Washington Square Films
- Type: Private
- Industry: Film, theater
- Founded: 1995
- Founder: Joshua Blum
- Headquarters: New York City, United States
- Website: wsfilms.com

= Washington Square Films =

American production and management company

Washington Square Films (WSF) is an American production and management company based in New York City and Los Angeles. It was founded in 1995 by Joshua Blum.

==History==
The company's debut project was United States of Poetry, a five-part series for PBS, created and produced by Joshua Blum and Bob Holman and directed by Mark Pellington. The program featured sixty poets performing in stylized poetry videos, including Paul Beatty, Joseph Brodsky, Jimmy Carter, Sandra Cisneros, Leonard Cohen, Rita Dove, Allen Ginsberg, Czesław Miłosz, Lou Reed, Johnny Depp, and Amiri Baraka. The series was accompanied by a book of the same name published by Abrams Books and a soundtrack album from Mercury Records.
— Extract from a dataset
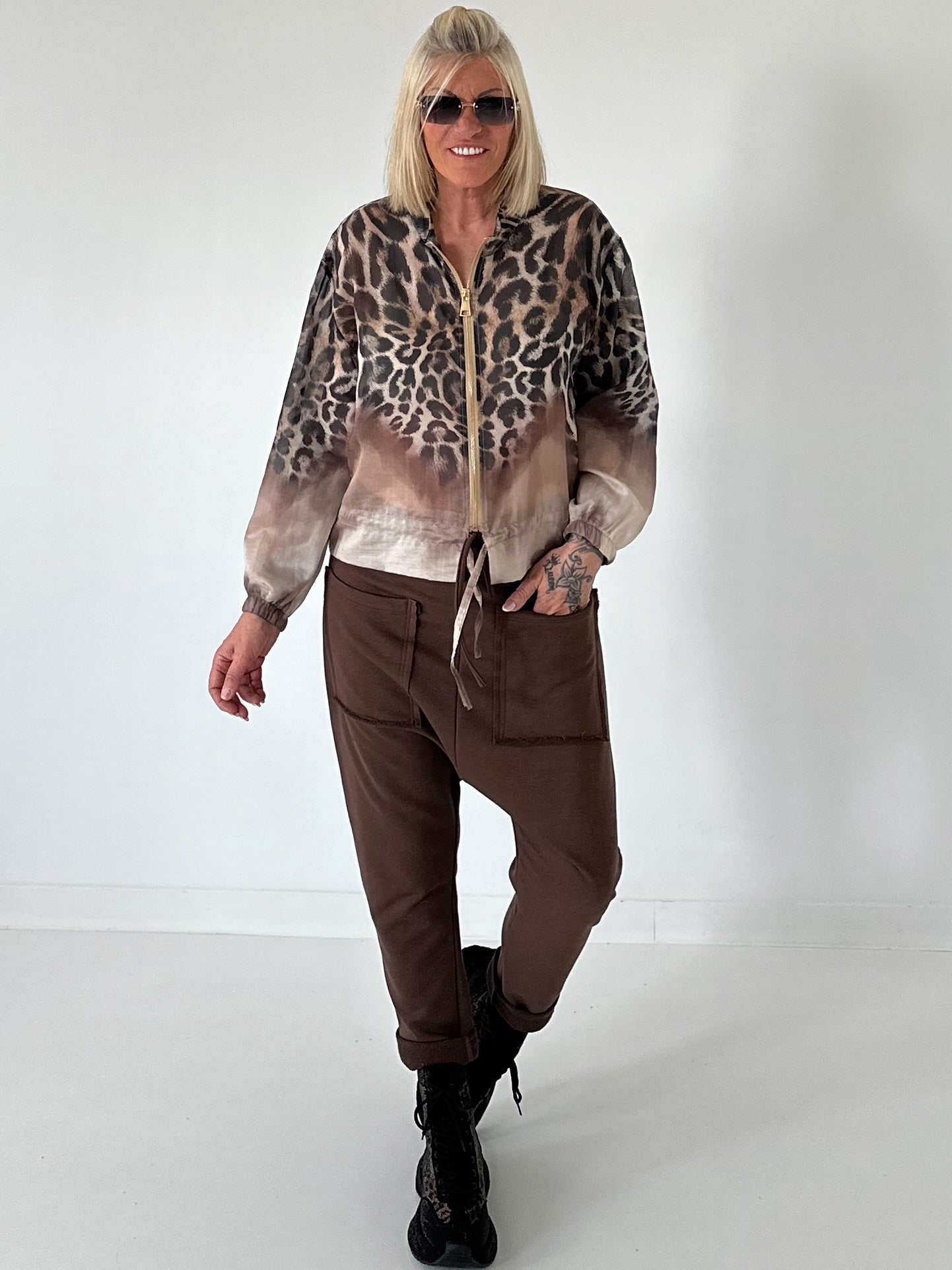 Blouse jacket with print - leo-beige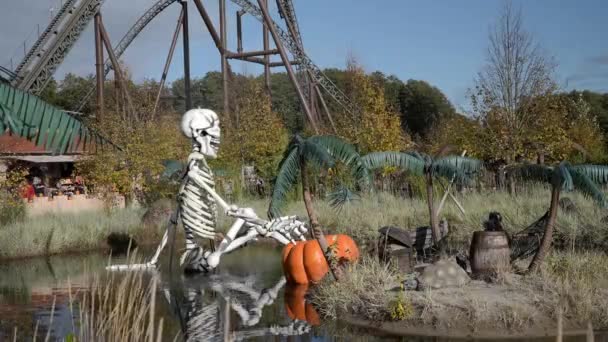 Skelett Dreht Den Kopf Halloween Piratenschädel Mit Knochen Großaufnahme Halloween — Stockvideo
The USOP also produced a live touring component, which was booked and managed by Kathleen Russo and Mary Shimkin. In 1996, Russo and Shimkin joined Washington Square Films to book and manage performers and spoken word acts, naming the division Washington Square Arts. The roster included Spalding Gray, Eric Bogosian, Danny Hoch, David Sedaris, Sandra Bernhard, and many others. The company discontinued booking from its host of services in 2010. In 1998, manager Katherine Atkinson joined the division and built a roster of then unknown talent including Kerry Washington, Dulé Hill, Sarita Choudhury, Victor Rasuk, Adepero Oduye, Alex Désert, and others, all who are still represented by Atkinson and Washington Square Films.

==Films and theater==
Washington Square Films has worked with and produced films for Steven Soderbergh, Abel Ferrara, and Sally Potter. The company is perhaps best known for supporting and producing the early work of filmmakers including J. C. Chandor, Kelly Reichardt, Alex Ross Perry, and others.
The company's projects have been nominated for two Academy Awards, two Emmy Awards (winning one), sixteen Independent Spirit Awards (winning three), three Golden Globes (winning one), and one Peabody Award (won). The company has had fourteen films premiere at Sundance and others at every major film festival including Cannes, Berlin, Toronto, Tribeca, and New York. In 2024, Washington Square Films served as the NY production company for Pedro Almodóvar's first US production and first English-language feature film The Room Next Door. WSF's Joshua Blum and Han West served as Executive Producers in New York.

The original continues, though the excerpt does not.